=== RECORDS SUPPLIED ===
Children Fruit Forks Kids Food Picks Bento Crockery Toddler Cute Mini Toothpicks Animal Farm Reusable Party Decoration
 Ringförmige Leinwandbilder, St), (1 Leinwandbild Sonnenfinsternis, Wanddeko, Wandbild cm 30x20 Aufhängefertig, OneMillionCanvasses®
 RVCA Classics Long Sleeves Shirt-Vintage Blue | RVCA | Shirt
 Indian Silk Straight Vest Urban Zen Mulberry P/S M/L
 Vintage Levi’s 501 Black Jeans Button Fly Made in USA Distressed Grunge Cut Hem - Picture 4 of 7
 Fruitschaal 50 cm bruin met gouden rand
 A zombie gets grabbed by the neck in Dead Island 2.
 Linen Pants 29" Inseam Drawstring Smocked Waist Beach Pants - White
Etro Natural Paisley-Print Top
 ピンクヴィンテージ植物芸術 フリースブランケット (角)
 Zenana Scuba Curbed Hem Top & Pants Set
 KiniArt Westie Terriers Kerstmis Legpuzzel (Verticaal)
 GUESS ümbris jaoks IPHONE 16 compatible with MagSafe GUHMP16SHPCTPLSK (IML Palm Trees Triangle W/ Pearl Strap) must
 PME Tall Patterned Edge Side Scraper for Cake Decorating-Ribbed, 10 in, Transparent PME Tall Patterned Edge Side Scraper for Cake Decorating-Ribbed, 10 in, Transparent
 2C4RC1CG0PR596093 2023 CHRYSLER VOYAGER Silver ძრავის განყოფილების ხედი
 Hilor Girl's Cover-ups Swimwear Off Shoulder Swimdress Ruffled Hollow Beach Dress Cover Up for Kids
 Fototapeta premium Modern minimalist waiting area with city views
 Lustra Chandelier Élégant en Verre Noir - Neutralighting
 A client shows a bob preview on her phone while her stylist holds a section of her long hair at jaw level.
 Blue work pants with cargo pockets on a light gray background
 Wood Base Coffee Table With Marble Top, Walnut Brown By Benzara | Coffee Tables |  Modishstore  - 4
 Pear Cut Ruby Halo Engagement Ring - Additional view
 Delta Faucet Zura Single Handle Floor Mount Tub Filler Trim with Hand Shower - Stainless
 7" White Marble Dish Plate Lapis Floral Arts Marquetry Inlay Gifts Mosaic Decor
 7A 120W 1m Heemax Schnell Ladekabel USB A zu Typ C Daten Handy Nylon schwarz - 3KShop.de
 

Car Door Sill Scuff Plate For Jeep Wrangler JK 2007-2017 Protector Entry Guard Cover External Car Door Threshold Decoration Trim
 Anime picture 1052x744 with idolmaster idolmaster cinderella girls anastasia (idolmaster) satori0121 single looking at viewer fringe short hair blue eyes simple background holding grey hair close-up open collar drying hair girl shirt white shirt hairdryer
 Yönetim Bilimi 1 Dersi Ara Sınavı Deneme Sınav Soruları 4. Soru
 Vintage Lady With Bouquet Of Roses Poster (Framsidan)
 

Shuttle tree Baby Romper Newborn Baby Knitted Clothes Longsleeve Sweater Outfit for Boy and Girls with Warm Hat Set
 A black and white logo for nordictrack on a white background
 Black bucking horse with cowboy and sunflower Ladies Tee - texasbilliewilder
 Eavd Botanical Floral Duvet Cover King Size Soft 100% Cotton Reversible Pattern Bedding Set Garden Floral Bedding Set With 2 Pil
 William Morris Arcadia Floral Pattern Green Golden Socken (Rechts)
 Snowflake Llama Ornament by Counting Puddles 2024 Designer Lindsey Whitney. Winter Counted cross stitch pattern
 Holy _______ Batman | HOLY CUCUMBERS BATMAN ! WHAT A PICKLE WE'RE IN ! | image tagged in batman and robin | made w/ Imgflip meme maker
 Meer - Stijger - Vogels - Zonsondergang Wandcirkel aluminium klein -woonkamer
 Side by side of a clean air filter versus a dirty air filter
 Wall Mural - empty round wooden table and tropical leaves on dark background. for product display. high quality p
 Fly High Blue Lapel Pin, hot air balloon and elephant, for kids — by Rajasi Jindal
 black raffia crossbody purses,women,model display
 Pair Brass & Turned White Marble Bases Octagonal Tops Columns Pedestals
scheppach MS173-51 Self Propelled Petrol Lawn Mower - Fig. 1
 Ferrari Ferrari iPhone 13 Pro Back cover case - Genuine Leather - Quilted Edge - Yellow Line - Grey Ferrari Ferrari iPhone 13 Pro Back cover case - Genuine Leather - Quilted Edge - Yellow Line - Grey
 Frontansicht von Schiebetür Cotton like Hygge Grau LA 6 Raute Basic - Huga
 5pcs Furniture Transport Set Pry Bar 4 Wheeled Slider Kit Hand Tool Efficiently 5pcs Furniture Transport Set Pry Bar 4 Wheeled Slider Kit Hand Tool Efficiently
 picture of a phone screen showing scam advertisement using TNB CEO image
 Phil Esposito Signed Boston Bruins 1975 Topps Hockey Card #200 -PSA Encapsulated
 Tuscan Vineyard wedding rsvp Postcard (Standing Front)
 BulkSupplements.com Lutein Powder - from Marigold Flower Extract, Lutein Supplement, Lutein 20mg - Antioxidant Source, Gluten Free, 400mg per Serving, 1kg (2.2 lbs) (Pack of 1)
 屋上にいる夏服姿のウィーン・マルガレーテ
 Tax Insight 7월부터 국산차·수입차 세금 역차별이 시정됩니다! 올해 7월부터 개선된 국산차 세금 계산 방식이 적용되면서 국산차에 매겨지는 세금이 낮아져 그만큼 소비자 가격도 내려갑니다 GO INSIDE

=== TO DO ===
Print all the entries above. Keep each one exact.

=== EXERCISE OUTPUT ===
Children Fruit Forks Kids Food Picks Bento Crockery Toddler Cute Mini Toothpicks Animal Farm Reusable Party Decoration
 Ringförmige Leinwandbilder, St), (1 Leinwandbild Sonnenfinsternis, Wanddeko, Wandbild cm 30x20 Aufhängefertig, OneMillionCanvasses®
 RVCA Classics Long Sleeves Shirt-Vintage Blue | RVCA | Shirt
 Indian Silk Straight Vest Urban Zen Mulberry P/S M/L
 Vintage Levi’s 501 Black Jeans Button Fly Made in USA Distressed Grunge Cut Hem - Picture 4 of 7
 Fruitschaal 50 cm bruin met gouden rand
 A zombie gets grabbed by the neck in Dead Island 2.
 Linen Pants 29" Inseam Drawstring Smocked Waist Beach Pants - White
Etro Natural Paisley-Print Top
 ピンクヴィンテージ植物芸術 フリースブランケット (角)
 Zenana Scuba Curbed Hem Top & Pants Set
 KiniArt Westie Terriers Kerstmis Legpuzzel (Verticaal)
 GUESS ümbris jaoks IPHONE 16 compatible with MagSafe GUHMP16SHPCTPLSK (IML Palm Trees Triangle W/ Pearl Strap) must
 PME Tall Patterned Edge Side Scraper for Cake Decorating-Ribbed, 10 in, Transparent PME Tall Patterned Edge Side Scraper for Cake Decorating-Ribbed, 10 in, Transparent
 2C4RC1CG0PR596093 2023 CHRYSLER VOYAGER Silver ძრავის განყოფილების ხედი
 Hilor Girl's Cover-ups Swimwear Off Shoulder Swimdress Ruffled Hollow Beach Dress Cover Up for Kids
 Fototapeta premium Modern minimalist waiting area with city views
 Lustra Chandelier Élégant en Verre Noir - Neutralighting
 A client shows a bob preview on her phone while her stylist holds a section of her long hair at jaw level.
 Blue work pants with cargo pockets on a light gray background
 Wood Base Coffee Table With Marble Top, Walnut Brown By Benzara | Coffee Tables |  Modishstore  - 4
 Pear Cut Ruby Halo Engagement Ring - Additional view
 Delta Faucet Zura Single Handle Floor Mount Tub Filler Trim with Hand Shower - Stainless
 7" White Marble Dish Plate Lapis Floral Arts Marquetry Inlay Gifts Mosaic Decor
 7A 120W 1m Heemax Schnell Ladekabel USB A zu Typ C Daten Handy Nylon schwarz - 3KShop.de
 

Car Door Sill Scuff Plate For Jeep Wrangler JK 2007-2017 Protector Entry Guard Cover External Car Door Threshold Decoration Trim
 Anime picture 1052x744 with idolmaster idolmaster cinderella girls anastasia (idolmaster) satori0121 single looking at viewer fringe short hair blue eyes simple background holding grey hair close-up open collar drying hair girl shirt white shirt hairdryer
 Yönetim Bilimi 1 Dersi Ara Sınavı Deneme Sınav Soruları 4. Soru
 Vintage Lady With Bouquet Of Roses Poster (Framsidan)
 

Shuttle tree Baby Romper Newborn Baby Knitted Clothes Longsleeve Sweater Outfit for Boy and Girls with Warm Hat Set
 A black and white logo for nordictrack on a white background
 Black bucking horse with cowboy and sunflower Ladies Tee - texasbilliewilder
 Eavd Botanical Floral Duvet Cover King Size Soft 100% Cotton Reversible Pattern Bedding Set Garden Floral Bedding Set With 2 Pil
 William Morris Arcadia Floral Pattern Green Golden Socken (Rechts)
 Snowflake Llama Ornament by Counting Puddles 2024 Designer Lindsey Whitney. Winter Counted cross stitch pattern
 Holy _______ Batman | HOLY CUCUMBERS BATMAN ! WHAT A PICKLE WE'RE IN ! | image tagged in batman and robin | made w/ Imgflip meme maker
 Meer - Stijger - Vogels - Zonsondergang Wandcirkel aluminium klein -woonkamer
 Side by side of a clean air filter versus a dirty air filter
 Wall Mural - empty round wooden table and tropical leaves on dark background. for product display. high quality p
 Fly High Blue Lapel Pin, hot air balloon and elephant, for kids — by Rajasi Jindal
 black raffia crossbody purses,women,model display
 Pair Brass & Turned White Marble Bases Octagonal Tops Columns Pedestals
scheppach MS173-51 Self Propelled Petrol Lawn Mower - Fig. 1
 Ferrari Ferrari iPhone 13 Pro Back cover case - Genuine Leather - Quilted Edge - Yellow Line - Grey Ferrari Ferrari iPhone 13 Pro Back cover case - Genuine Leather - Quilted Edge - Yellow Line - Grey
 Frontansicht von Schiebetür Cotton like Hygge Grau LA 6 Raute Basic - Huga
 5pcs Furniture Transport Set Pry Bar 4 Wheeled Slider Kit Hand Tool Efficiently 5pcs Furniture Transport Set Pry Bar 4 Wheeled Slider Kit Hand Tool Efficiently
 picture of a phone screen showing scam advertisement using TNB CEO image
 Phil Esposito Signed Boston Bruins 1975 Topps Hockey Card #200 -PSA Encapsulated
 Tuscan Vineyard wedding rsvp Postcard (Standing Front)
 BulkSupplements.com Lutein Powder - from Marigold Flower Extract, Lutein Supplement, Lutein 20mg - Antioxidant Source, Gluten Free, 400mg per Serving, 1kg (2.2 lbs) (Pack of 1)
 屋上にいる夏服姿のウィーン・マルガレーテ
 Tax Insight 7월부터 국산차·수입차 세금 역차별이 시정됩니다! 올해 7월부터 개선된 국산차 세금 계산 방식이 적용되면서 국산차에 매겨지는 세금이 낮아져 그만큼 소비자 가격도 내려갑니다 GO INSIDE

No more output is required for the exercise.